_RECORDS FOR THIS EXERCISE_:
# # # # # # #

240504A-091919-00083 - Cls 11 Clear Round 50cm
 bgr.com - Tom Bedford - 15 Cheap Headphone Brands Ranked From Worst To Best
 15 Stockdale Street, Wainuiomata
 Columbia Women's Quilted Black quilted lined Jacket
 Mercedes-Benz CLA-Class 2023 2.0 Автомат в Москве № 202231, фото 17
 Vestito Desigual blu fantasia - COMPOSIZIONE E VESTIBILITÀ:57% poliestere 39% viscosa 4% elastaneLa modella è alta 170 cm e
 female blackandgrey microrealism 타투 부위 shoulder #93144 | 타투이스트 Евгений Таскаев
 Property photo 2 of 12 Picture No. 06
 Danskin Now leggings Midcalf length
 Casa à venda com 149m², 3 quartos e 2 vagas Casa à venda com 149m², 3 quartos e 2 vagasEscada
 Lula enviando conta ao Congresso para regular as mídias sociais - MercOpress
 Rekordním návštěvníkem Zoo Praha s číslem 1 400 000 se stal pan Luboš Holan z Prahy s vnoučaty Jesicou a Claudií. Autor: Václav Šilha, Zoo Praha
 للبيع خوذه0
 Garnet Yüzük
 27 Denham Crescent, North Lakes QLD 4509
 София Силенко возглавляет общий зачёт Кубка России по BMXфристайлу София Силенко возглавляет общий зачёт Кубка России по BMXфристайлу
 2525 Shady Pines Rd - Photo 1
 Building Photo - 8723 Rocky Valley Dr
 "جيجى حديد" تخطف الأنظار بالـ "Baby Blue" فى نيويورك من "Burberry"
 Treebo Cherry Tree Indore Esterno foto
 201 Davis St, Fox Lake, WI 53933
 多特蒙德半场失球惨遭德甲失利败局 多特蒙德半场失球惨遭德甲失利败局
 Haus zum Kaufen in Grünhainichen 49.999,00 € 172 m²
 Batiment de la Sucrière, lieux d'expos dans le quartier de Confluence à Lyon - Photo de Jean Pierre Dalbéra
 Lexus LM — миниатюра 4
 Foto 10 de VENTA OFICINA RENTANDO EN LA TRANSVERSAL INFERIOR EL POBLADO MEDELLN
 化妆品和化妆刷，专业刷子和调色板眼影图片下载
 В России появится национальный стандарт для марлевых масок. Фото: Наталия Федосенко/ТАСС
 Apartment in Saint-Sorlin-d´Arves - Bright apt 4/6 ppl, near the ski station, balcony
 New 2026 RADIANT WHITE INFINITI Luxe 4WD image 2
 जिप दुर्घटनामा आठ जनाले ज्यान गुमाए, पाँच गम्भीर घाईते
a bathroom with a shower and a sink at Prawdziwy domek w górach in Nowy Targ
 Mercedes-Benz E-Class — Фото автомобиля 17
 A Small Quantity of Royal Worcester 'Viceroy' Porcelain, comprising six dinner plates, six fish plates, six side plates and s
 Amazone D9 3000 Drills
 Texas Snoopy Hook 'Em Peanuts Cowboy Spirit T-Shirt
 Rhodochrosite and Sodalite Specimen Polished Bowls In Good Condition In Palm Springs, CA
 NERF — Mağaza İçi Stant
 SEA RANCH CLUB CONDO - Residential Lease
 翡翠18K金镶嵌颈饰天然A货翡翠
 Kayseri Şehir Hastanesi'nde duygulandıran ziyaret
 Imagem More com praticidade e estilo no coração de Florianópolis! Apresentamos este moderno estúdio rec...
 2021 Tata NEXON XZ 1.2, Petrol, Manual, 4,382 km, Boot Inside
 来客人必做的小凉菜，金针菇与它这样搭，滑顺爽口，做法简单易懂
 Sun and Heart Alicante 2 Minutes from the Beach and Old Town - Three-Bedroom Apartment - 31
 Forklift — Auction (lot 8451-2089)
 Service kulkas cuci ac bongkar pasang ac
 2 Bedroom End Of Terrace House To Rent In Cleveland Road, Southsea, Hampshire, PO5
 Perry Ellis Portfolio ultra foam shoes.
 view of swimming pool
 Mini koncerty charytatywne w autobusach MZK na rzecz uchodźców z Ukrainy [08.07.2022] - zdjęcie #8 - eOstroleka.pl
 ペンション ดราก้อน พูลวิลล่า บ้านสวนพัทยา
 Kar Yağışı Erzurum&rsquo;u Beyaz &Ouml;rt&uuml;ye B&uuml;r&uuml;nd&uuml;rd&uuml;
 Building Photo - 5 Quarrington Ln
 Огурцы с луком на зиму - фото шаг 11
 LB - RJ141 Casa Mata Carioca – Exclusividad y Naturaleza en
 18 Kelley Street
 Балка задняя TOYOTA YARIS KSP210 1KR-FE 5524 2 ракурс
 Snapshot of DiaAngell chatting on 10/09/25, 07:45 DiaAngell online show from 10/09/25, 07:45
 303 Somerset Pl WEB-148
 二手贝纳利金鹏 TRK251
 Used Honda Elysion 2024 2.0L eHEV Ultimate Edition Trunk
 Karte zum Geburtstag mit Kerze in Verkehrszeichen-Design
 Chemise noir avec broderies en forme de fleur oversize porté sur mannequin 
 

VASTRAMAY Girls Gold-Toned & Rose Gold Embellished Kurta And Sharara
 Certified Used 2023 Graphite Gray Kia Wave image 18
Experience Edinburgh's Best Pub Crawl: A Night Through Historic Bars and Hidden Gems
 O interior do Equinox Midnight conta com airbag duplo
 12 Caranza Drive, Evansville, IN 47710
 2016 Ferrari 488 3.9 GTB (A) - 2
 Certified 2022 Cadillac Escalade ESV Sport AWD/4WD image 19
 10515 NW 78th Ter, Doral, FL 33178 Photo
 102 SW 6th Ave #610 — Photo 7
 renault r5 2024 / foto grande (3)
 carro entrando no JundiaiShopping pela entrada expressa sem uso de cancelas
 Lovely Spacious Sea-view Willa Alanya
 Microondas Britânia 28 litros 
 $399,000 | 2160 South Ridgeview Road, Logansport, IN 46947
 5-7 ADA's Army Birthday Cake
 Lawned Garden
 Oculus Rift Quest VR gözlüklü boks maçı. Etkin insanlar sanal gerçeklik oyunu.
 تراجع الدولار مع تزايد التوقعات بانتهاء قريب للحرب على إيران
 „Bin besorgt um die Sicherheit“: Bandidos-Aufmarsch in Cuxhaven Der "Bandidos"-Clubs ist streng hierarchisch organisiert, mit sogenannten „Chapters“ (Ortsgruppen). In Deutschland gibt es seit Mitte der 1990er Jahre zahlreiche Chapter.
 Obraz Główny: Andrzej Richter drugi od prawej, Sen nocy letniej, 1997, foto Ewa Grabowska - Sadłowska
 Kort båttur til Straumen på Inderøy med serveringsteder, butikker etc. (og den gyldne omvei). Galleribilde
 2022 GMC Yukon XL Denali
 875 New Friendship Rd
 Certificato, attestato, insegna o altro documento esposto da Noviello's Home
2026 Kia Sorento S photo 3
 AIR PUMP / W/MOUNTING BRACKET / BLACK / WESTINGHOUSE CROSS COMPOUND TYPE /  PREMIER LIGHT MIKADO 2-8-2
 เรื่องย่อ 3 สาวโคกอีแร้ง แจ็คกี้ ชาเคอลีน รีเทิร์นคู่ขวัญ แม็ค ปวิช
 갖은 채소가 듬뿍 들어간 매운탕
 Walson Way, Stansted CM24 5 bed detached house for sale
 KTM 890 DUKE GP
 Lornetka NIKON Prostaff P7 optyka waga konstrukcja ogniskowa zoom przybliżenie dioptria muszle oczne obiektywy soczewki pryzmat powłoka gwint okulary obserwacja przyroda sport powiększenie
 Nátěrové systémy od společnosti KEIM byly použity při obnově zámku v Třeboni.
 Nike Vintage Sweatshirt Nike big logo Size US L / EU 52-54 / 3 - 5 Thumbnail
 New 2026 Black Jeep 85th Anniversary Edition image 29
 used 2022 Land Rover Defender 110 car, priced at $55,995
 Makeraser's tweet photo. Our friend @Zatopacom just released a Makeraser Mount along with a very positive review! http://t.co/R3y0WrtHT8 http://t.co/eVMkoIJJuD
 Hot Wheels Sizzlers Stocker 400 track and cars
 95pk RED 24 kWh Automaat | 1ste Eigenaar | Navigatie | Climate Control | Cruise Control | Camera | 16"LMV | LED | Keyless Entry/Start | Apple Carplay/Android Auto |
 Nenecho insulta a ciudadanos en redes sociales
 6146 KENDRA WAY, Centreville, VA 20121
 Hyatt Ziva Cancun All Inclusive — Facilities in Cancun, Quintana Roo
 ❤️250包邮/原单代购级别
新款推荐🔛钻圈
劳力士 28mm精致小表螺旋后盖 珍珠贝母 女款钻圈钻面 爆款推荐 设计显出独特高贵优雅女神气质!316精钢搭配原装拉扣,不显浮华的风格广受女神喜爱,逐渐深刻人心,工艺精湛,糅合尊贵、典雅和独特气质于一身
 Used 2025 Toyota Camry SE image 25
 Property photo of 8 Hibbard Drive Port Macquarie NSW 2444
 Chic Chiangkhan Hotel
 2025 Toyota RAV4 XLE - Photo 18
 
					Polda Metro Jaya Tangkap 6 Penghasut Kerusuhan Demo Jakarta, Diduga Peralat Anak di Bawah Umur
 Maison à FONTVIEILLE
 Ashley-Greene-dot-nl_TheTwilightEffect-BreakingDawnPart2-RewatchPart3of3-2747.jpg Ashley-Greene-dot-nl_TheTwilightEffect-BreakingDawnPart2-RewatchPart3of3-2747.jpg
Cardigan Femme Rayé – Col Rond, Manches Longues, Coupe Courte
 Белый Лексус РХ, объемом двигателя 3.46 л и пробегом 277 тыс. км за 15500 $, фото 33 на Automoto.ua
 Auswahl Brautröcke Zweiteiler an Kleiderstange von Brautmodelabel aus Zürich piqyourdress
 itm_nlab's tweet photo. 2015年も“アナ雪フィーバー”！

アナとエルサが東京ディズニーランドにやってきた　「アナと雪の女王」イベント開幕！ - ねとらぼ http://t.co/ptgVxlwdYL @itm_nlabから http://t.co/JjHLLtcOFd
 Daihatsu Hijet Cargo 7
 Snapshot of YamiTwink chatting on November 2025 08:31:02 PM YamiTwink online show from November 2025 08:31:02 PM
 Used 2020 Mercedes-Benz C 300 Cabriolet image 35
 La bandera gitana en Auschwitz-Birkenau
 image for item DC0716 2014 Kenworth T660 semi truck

# # # # # # #

_ASSIGNMENT_: Report every line of the entries that carries the word "Road".

_EXERCISE RESULT_:
 2 Bedroom End Of Terrace House To Rent In Cleveland Road, Southsea, Hampshire, PO5
 $399,000 | 2160 South Ridgeview Road, Logansport, IN 46947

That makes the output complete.